Bahan Baku Industri Kimia di Indonesia Masih Tergantung Impor
.jpg)
Bandung, IDN Times - Saat ini hampir semua kebutuhan kimia dalam negeri dipenuhi dari luar neger alias impor. Salah satunya soda ash yang merupakan bahan baku produk-produk yang dibutuhkan masyarakat seperti deterjen; kaca beserta produk turunannya seperti gelas, cermin, dan lain-lain; serta pasta gigi.
Presiden Direktur PT Kaltim Parna Industri Hari Supriyadi mengatakan, banyak produk yang dibutuhkan masyarakat berbahan baku soda ash yang pemenuhannya didominasi impor. Selain produk-produk yang saat ini banyak digunakan, kendaraan listrik yang disebut-sebut merupakan transportasi masa depan pun membutuhkan soda ash untuk pembuatan baterainya.
"Untuk baterai mobil listrik juga menggunakan soda ash. Jadi sangat banyak turunan dari soda ash. Tapi kenapa Indonesia masih impor," katanya saat konferensi pers virtual terkait lomba esai nasional yang diselenggarakan dalam rangka memperingati 80 tahun Pendidikan Tinggi Teknik Kimia di Indonesia, Senin (21/6/2021).
1. Sekitar 90 persen kebutuhan bahan baku industri kimia masih di impor

Dia menyebut, dalam setahun Indonesia membutuhkan sekitar 1,2 juta ton soda ash. Dari jumlah itu, 90% dipenuhi dari hasil impor.
"Kebutuhan di ASEAN 2,9 juta ton," ujarnya.
Menurut dia, kebutuhan ini akan terus meningkat terutama jika penggunaan kendaraan listrik sudah semakin banyak.
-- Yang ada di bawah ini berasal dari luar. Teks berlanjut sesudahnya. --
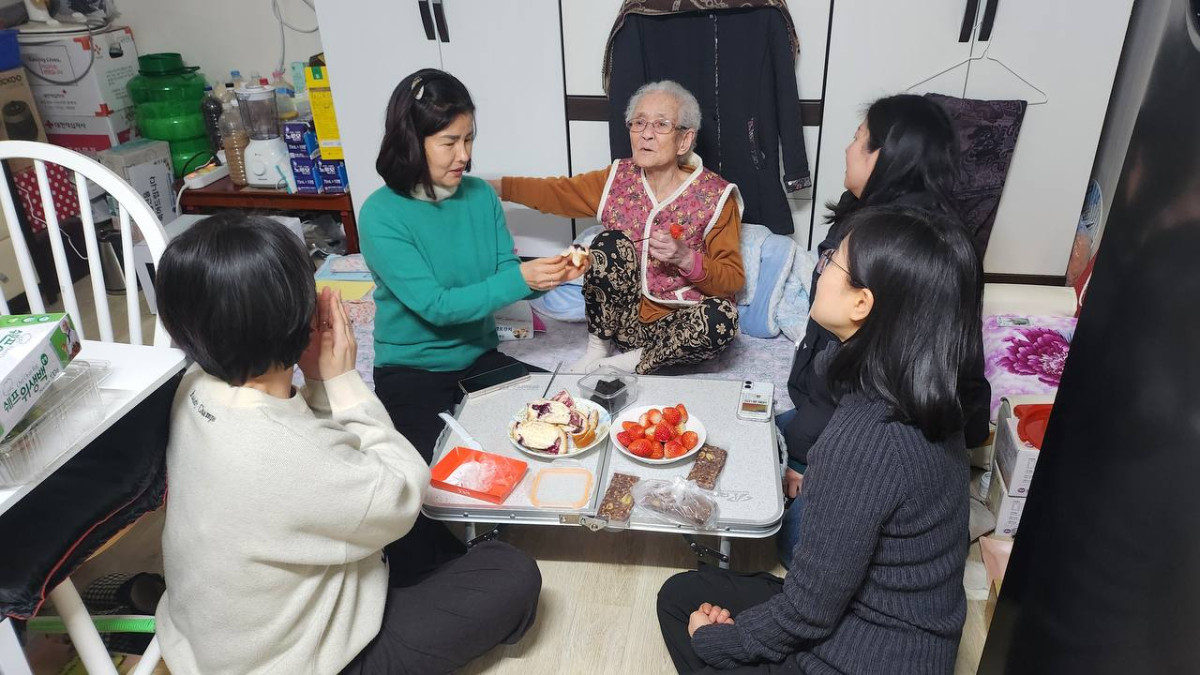 방배 4동 지역 독거 어르신 생신 축하 (2월) 썸네일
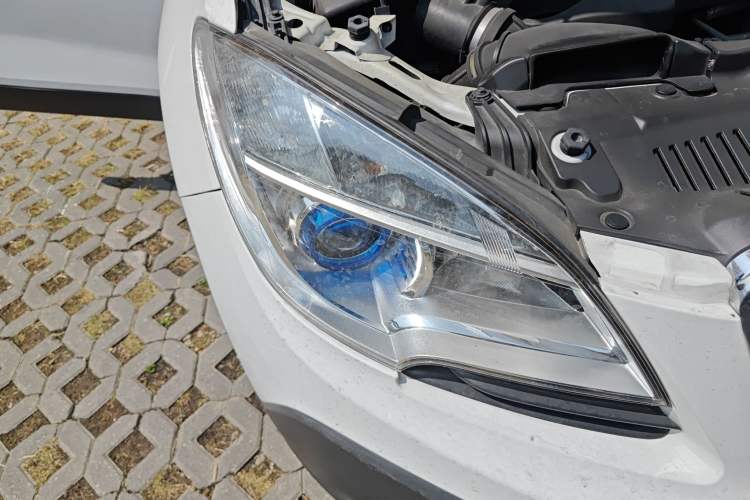 Used Buick Encore 2015 1.4T Automatic Two-Wheel Drive Urban Elite Version
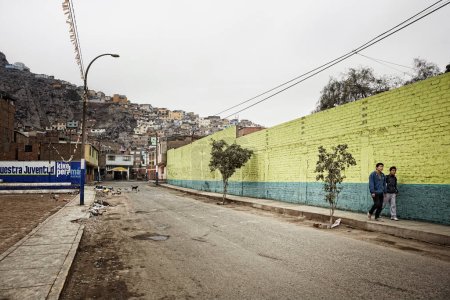 Téléchargez les photos : Vue des bidonvilles et bidonvilles de Rimac, Lima - en image libre de droit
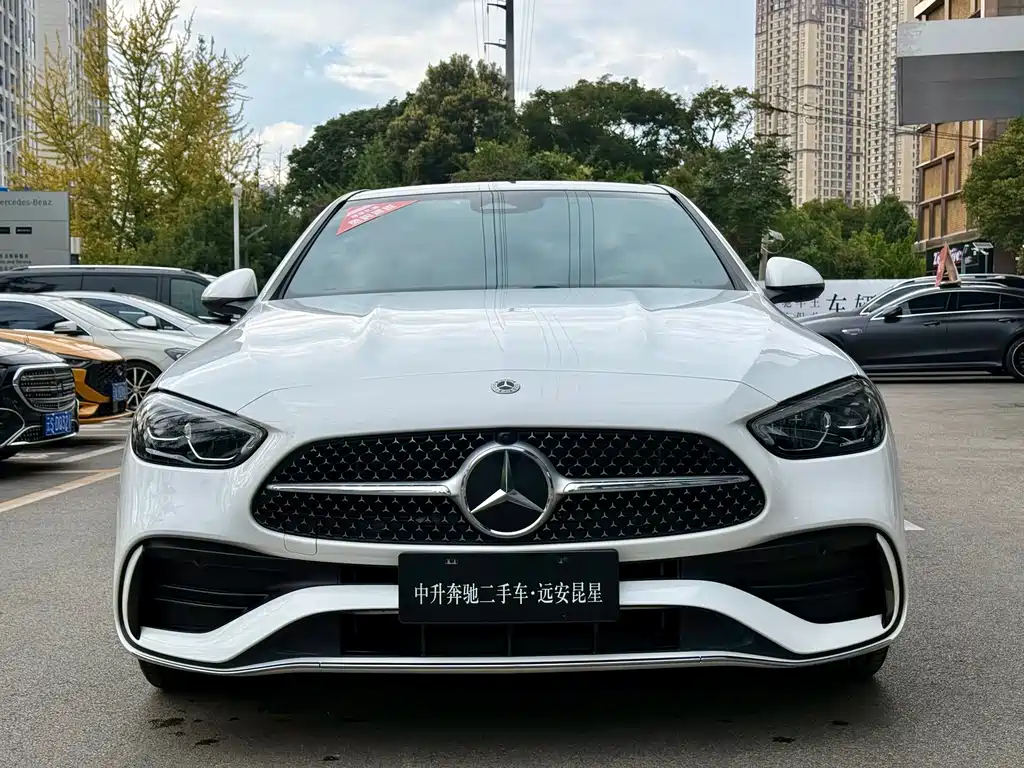 Mercedes-Benz C-Class — миниатюра 2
Sebagai contoh, kebutuhan soda ash di Tiongkok terus meningkat hingga 2 juta ton per tahun. Karena itu, dia berharap, Indonesia mampu memenuhi kebutuhan soda ash sendiri sehingga tidak perlu impor lagi.
"Kita rindu memiliki industri kimia soda ash," katanya.
2. Indonesia bisa memenuhi kebutuhan dengan bahan baku dan SDM mumpuni

Dia menilai, untuk mewujudkan hal itu sangat memungkinkan terutama mengingat Indonesia memiliki bahan baku dan sumber daya manusia yang kompeten.
"Kita punya resources yang kuat, kita punya banyak SDM yang mumpuni. Tapi kenapa mencari mudahnya saja dengan memilih impor," katanya.
Terlebih, menurutnya saat ini terdapat pabrik kaca terbesar di Batang Jawa Tengah yang tentunya membutuhkan soda ash dalam jumlah yang besar. "Alangkah baik ya kalau pabrik kaca ini soda ash-nya disuplai dari dalam negeri. Agar memberi nilai tambah, menghemat devisa, membuka lapangan kerja, dan banyak sekali keuntungannya," kata dia.
Dia menyebut bahwa industri kimia termasuk soda ash pernah dibangun pada 1990-an. "Ada kendala, saat krisis ekonomi 1998. Pernah juga dibangun di NTT yang dekat dengan sumber garam (bahan baku soda ash), tetap tak bisa juga," katanya seraya kembali menyebut Indonesia kaya akan bahan baku soda ash.
3. Sosialisasi industri kimia dijadikan lomba secara nasional

Ketua panitia 80 tahun Pendidikan Tinggi Teknik Kimia di Indonesia, Tirto Prakoso
Brodjonegoro menjelaskan, lomba esai nasional ini sebagai wadah sosialisi industri kimia di Indonesia. Menurutnya, soda ash atau umumnya dikenal sebagai soda abu merupakan suatu komponen dasar kimia yang kurang dikenal keberadaan dan fungsinya oleh masyarakat.
"Walaupun produk akhirnya sering digunakan dalam kehidupan sehari-hari," katanya seraya menyebut dalam jumlah yang aman, soda abu juga digunakan
dalam industri pangan setelah melalui sejumlah proses tertentu.
Dengan begitu, dia berharap lomba esai ini dapat membangkitkan
kesadaran dan kepedulian akan industri kimia di Indonesia. "Selain sebagai wadah sosialisasi akan industri soda ash dan manfaatnya, lomba esai ini diharapkan dapat menjadi pendorong pembangunan industri di dalam negeri," katanya.
Menurutnya, lomba esai ini terbuka bagi seluruh warga negara Indonesia, baik mahasiswa, pelaku industri, pendidik, maupun masyarakat umum. Siapa pun dapat mengirimkan karya esainya melalui email 80tahunTK@ia-tk-itb.org.
Lomba yang memperebutkan hadiah total Rp100 juta ini akan diampu oleh juri dari civitas akademi dan pelaku industri yaitu Muh. Khayam, Dirjen. Industri Kimia, Farmasi, dan Tekstil, Kementerian Perindustrian RI Johnny Darmawan, Wakil Ketua Umum Bidang Perindustrian, KADIN Indonesia Heru Dewanto, dan Ketua Umum Persatuan Insinyur Indonesia Hari Supriyadi, dan guru besar Teknik Kimia ITB Dwiwahju Sasongko.